----- Dataset content
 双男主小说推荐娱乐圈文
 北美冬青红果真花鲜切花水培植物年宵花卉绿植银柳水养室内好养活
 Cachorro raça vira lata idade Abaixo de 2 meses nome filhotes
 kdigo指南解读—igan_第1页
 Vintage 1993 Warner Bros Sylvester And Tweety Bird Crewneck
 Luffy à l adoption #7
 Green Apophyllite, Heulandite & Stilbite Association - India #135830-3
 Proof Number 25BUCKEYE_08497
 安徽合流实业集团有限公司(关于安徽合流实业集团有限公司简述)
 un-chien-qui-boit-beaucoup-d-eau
----------
What is being asked:
Please copy only these lines, exactly: the first line of the records through the line containing "Proof Number 25BUCKEYE_08497", ends included.

Final answer:
 双男主小说推荐娱乐圈文
 北美冬青红果真花鲜切花水培植物年宵花卉绿植银柳水养室内好养活
 Cachorro raça vira lata idade Abaixo de 2 meses nome filhotes
 kdigo指南解读—igan_第1页
 Vintage 1993 Warner Bros Sylvester And Tweety Bird Crewneck
 Luffy à l adoption #7
 Green Apophyllite, Heulandite & Stilbite Association - India #135830-3
 Proof Number 25BUCKEYE_08497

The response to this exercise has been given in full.